Excellent Dave was starting to feel like Billy No Mates Here :lol:

See you down there

Trev


----------



## denTTed (Feb 21, 2007)

Sorry, just got back. I have something pencilled in for the 20th as an overnighter out with friends who have taken a few decades to realise they like each other enough to get married so we're having a bash for them. But little is organised as yet so unsure as to wether it will happen, so have the tme booked off but will await further indications from wife.


----------



## ttrev21 (Jan 30, 2009)

denTTed said:


> Sorry, just got back. I have something pencilled in for the 20th as an overnighter out with friends who have taken a few decades to realise they like each other enough to get married so we're having a bash for them. But little is organised as yet so unsure as to wether it will happen, so have the tme booked off but will await further indications from wife.


Sounds like hangover material to me. Should I bring a flask of coffee ? :lol:


----------



## TT51 (Feb 28, 2009)

ttrev21 said:


> denTTed said:
> 
> 
> > Sorry, just got back. I have something pencilled in for the 20th as an overnighter out with friends who have taken a few decades to realise they like each other enough to get married so we're having a bash for them. But little is organised as yet so unsure as to wether it will happen, so have the tme booked off but will await further indications from wife.
> ...


Are you sure its coffee you put in your flask :wink: :lol:


----------



## ttrev21 (Jan 30, 2009)

TT51 said:


> Are you sure its coffee you put in your flask :wink: :lol:


Schhhhh don`t tell everybody Neil.  :lol:


----------



## ian222 (May 4, 2007)

I might be up for this mate will let you know though as money is gonna be tight this month.


----------



## ttrev21 (Jan 30, 2009)

ian222 said:


> I might be up for this mate will let you know though as money is gonna be tight this month.


Would be good to have you along Ian , maybe you can drag one or two of the other Kent guys over with you


----------



## denTTed (Feb 21, 2007)

ttrev21 said:


> denTTed said:
> 
> 
> > Sorry, just got back.
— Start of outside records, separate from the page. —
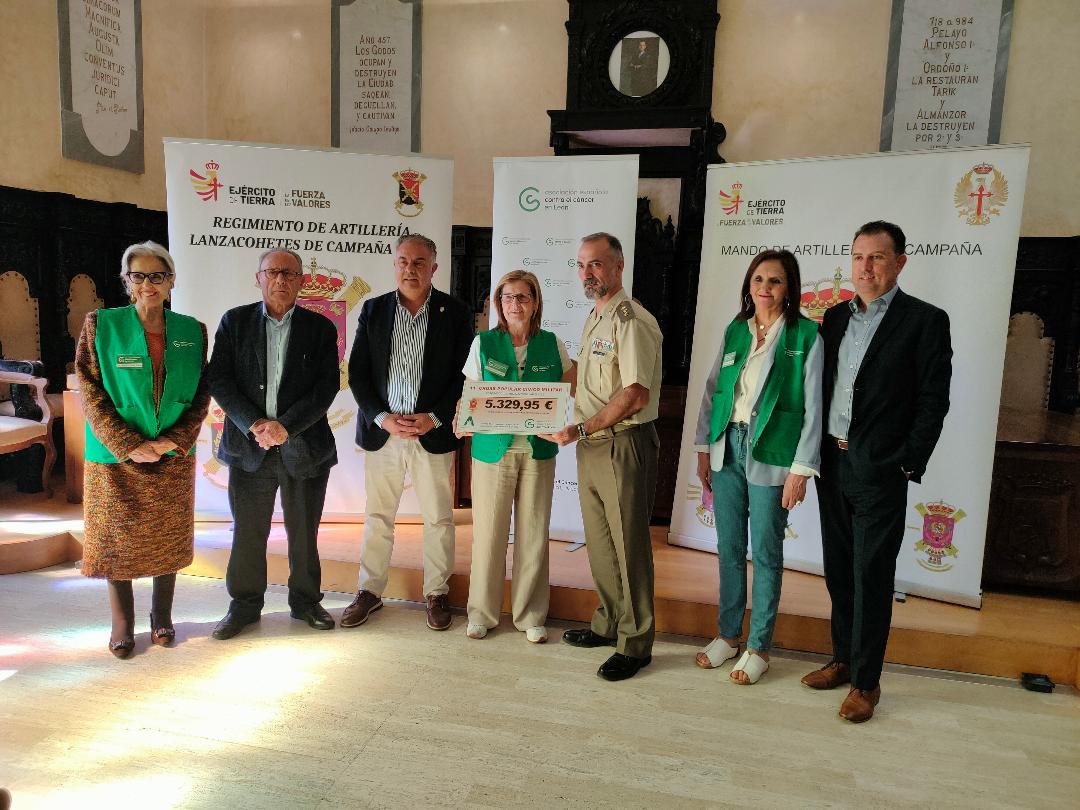 Astorga aporta más de 5.000 euros a la investigación y los servicios que presta la AECC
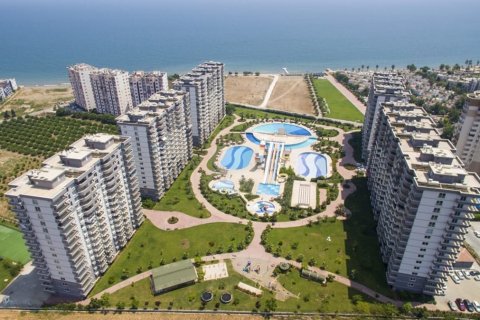 2+1 Apartment  in Mersin, Turkey No. 231188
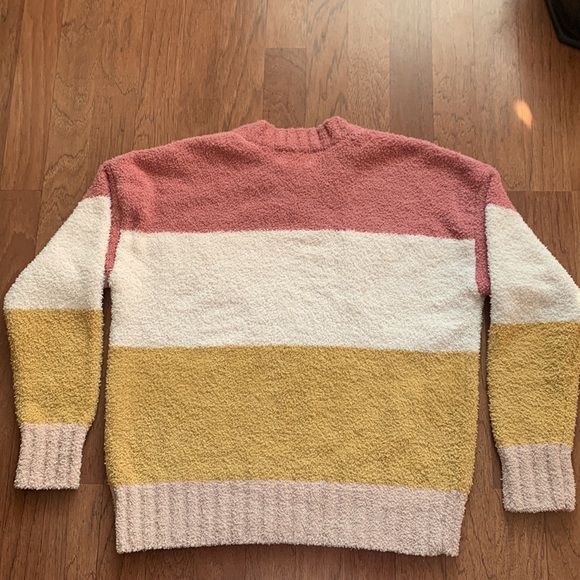 NWT Women's Fuzzy Color Block Long Sleeves Pullover Sweater - Picture 6 of 8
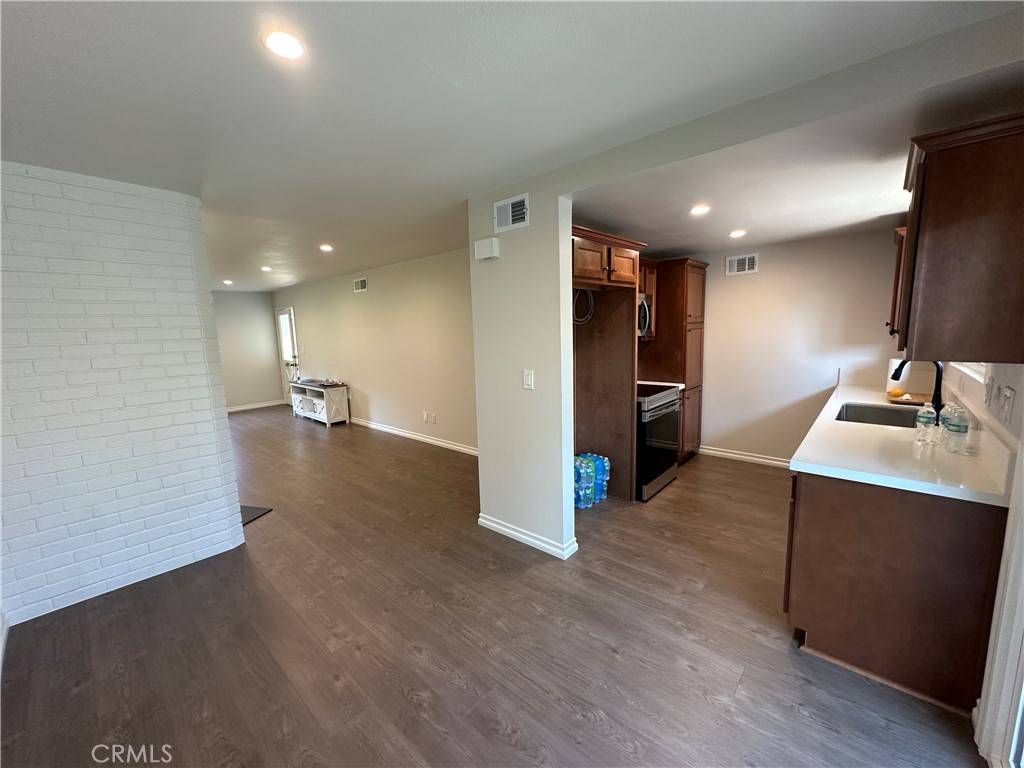 Tustin, CA 92780,17621 E 17th ST #24A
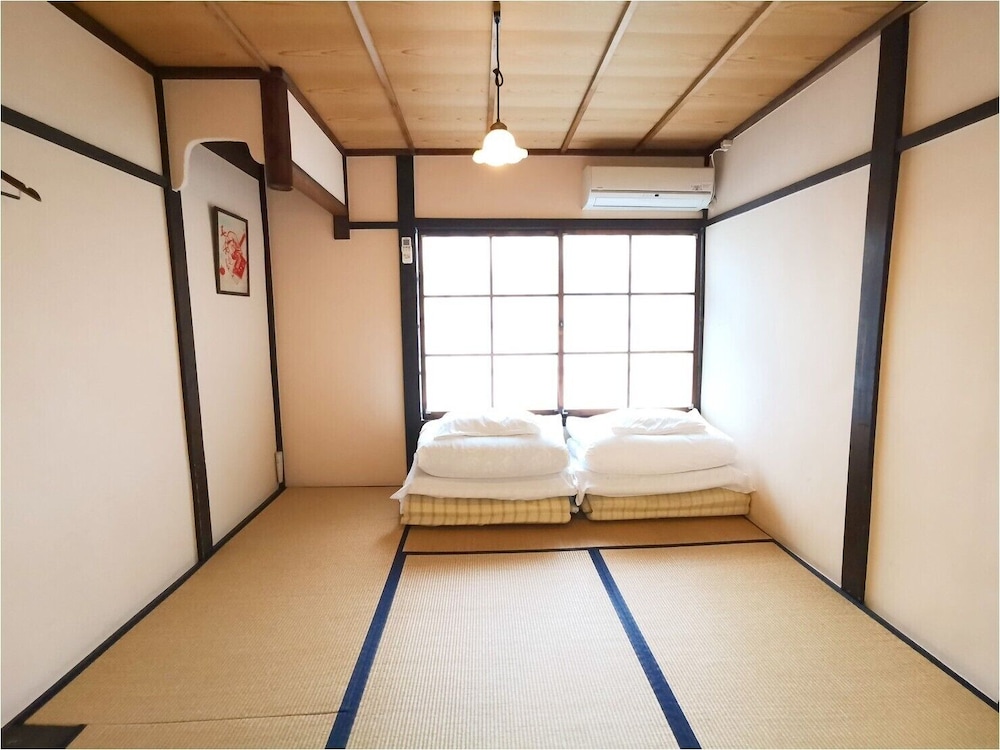 ECONOMY, TWIN BEDS, SHARED BATHROOM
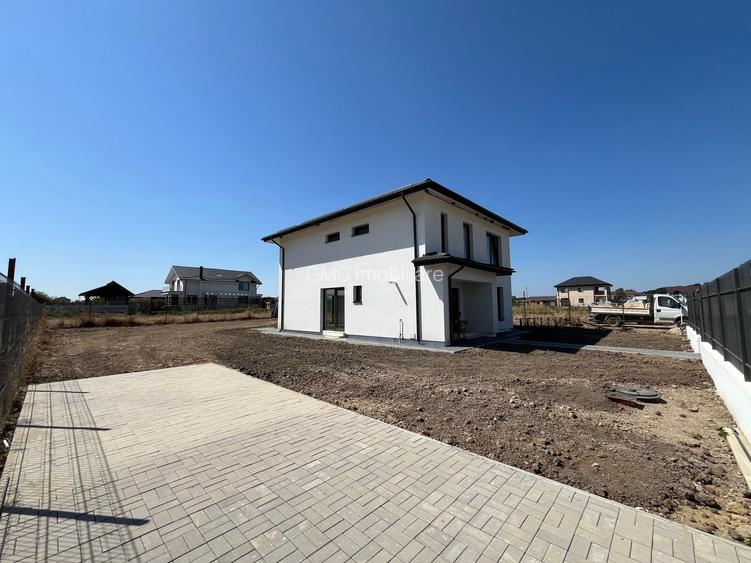 Casa la cheie - 163mp utili + teren 704 mp - cel mai mare din zona - 28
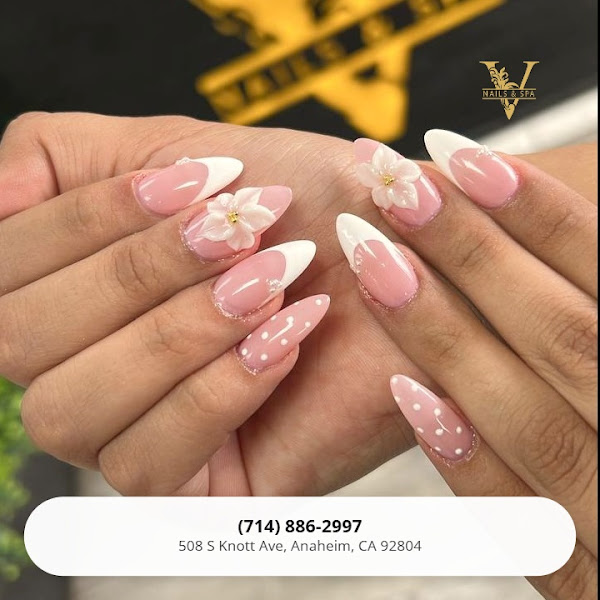 V Nails & Spa 3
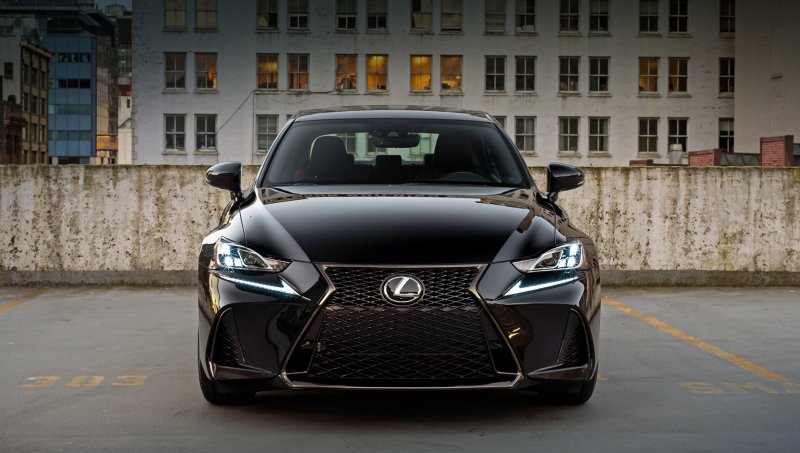 Lexus is 250 2021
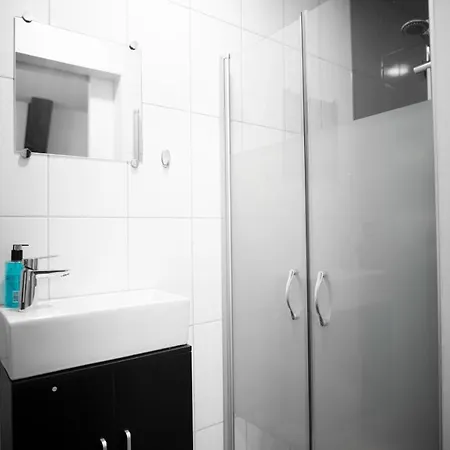 里切斯塔德住宿加早餐旅馆 2* 埃因霍温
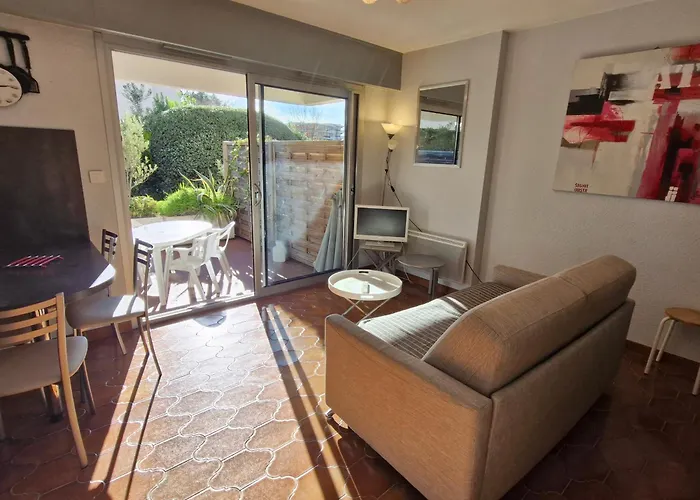 Διαμέρισμα Climatise Avec Parking, Proche Centre - Fr-1-780-60 *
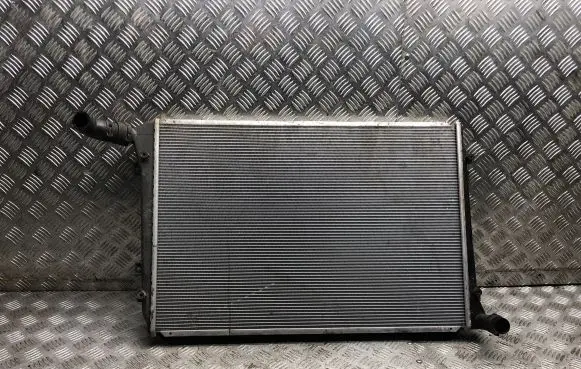 Volkswagen PASSAT B6 Coolant radiator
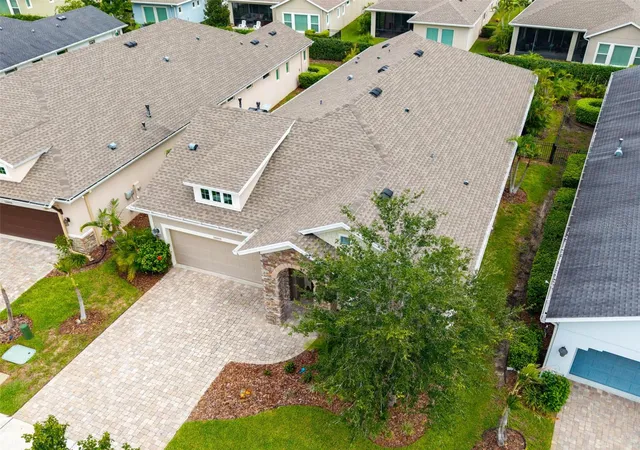 Photo 3 of Single family home for sale at 14008 Swallow Hl Dr, Lithia, FL 33547 | MLS# TB8530699 | Listing updated on 2026-09-27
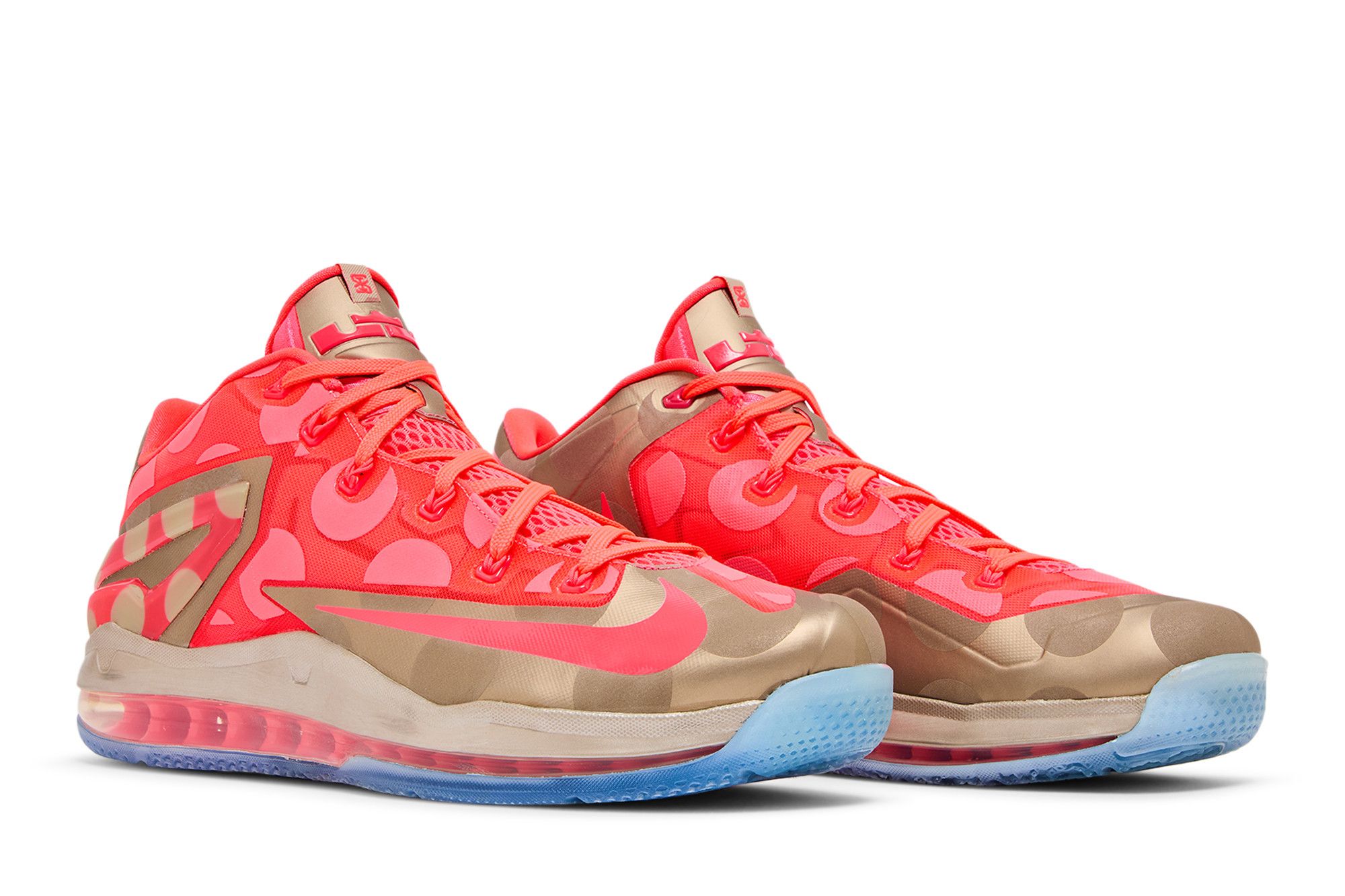 Size 10.0 LeBron 11 Low Maison Collection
I have something pencilled in for the 20th as an overnighter out with friends who have taken a few decades to realise they like each other enough to get married so we're having a bash for them. But little is organised as yet so unsure as to wether it will happen, so have the tme booked off but will await further indications from wife.
> ...


It would appear that its taking them as long as it did to decide to get together as it is to choose a fucking restaurant :twisted: :twisted: So far we are having a ruby at home, I may pull out (fnarr fnarr). Mind you it's only in Bedford so I could stil make it for 1130.

Back to the point, I need a flask the morning after 12 hours sleep. I think I may need to dig out my crack pipe.


----------



## ttrev21 (Jan 30, 2009)

denTTed said:


> It would appear that its taking them as long as it did to decide to get together as it is to choose a fucking restaurant :twisted: :twisted: So far we are having a ruby at home, I may pull out (fnarr fnarr). Mind you it's only in Bedford so I could stil make it for 1130.
> 
> Back to the point, I need a flask the morning after 12 hours sleep. I think I may need to dig out my crack pipe.


I`ll just stick my tobacco in then . :wink:


----------



## BaldyMan (May 28, 2009)

Trev

Sorry mate I can't make this, got to go up North that weekend [smiley=zzz.gif]


----------



## phodge (Sep 1, 2002)

Trev - we'll meet you in Horsham so that you don't have to travel down on your own!! :lol:


----------



## ttrev21 (Jan 30, 2009)

phodge said:


> Trev - we'll meet you in Horsham so that you don't have to travel down on your own!! :lol:


That`s very kind of you Penny , hopefully John ( DenTTed ) will be joining us , look forward to seeing you then


----------



## mighTy Tee (Jul 10, 2002)

phodge said:


> Trev - we'll meet you in Horsham so that you don't have to travel down on your own!! :lol:


Oyy Penny, why arent you joining me, have I upset you? 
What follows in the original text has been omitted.